Everything in the records below from the line containing "The top speed" through the line containing "As you can see, we" is to be reproduced exactly, those two lines included; no picture is to be copied.

··· INFORMATION SHOWN ···

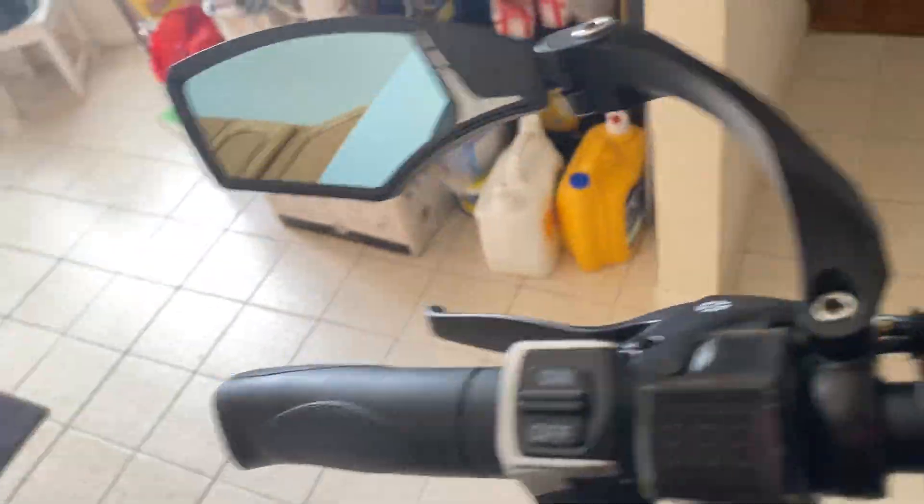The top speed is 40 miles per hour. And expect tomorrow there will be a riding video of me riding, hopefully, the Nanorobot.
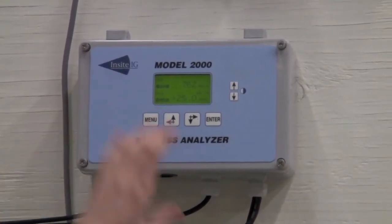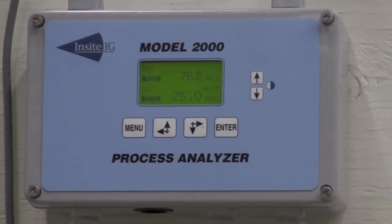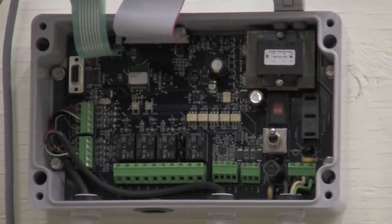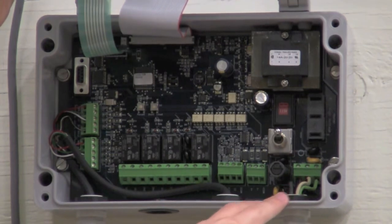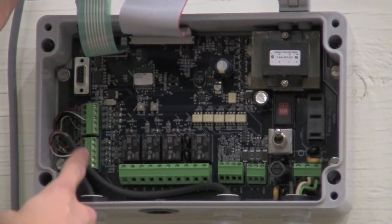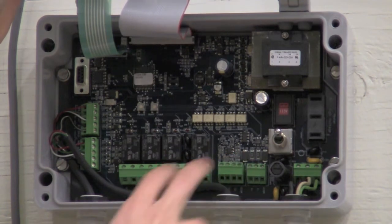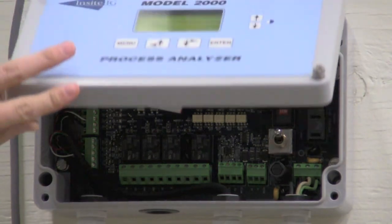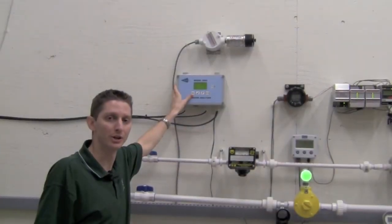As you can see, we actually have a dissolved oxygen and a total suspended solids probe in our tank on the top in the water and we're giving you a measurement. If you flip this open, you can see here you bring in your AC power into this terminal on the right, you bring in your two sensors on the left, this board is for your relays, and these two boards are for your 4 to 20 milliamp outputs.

···
··· INFORMATION SHOWN ···

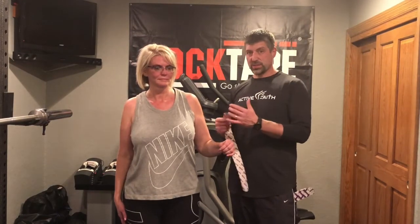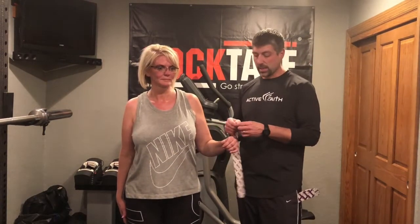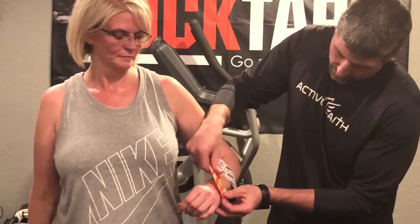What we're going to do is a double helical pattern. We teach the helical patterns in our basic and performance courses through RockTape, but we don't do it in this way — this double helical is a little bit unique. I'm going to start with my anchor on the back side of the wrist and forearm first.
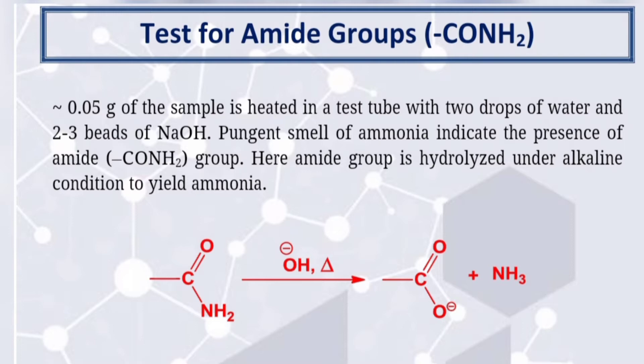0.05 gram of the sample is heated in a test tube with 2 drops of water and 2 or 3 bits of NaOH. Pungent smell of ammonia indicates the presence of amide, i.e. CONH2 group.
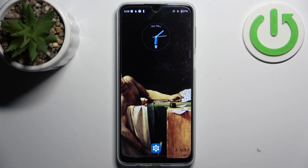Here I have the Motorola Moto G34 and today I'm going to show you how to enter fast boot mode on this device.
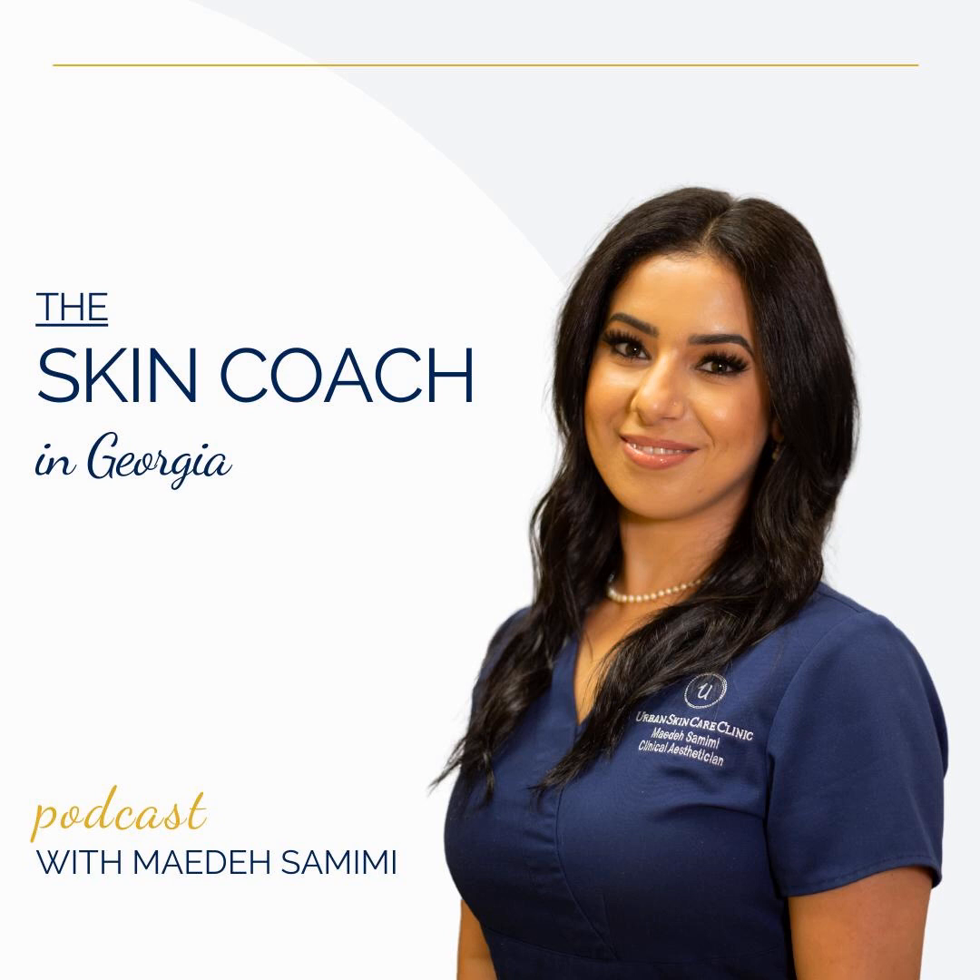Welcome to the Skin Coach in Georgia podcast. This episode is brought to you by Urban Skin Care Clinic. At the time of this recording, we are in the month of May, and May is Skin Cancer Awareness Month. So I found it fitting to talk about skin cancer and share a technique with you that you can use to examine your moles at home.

···

*SOLUTION FOR THIS TASK*
The top speed is 40 miles per hour. And expect tomorrow there will be a riding video of me riding, hopefully, the Nanorobot.
As you can see, we actually have a dissolved oxygen and a total suspended solids probe in our tank on the top in the water and we're giving you a measurement. If you flip this open, you can see here you bring in your AC power into this terminal on the right, you bring in your two sensors on the left, this board is for your relays, and these two boards are for your 4 to 20 milliamp outputs.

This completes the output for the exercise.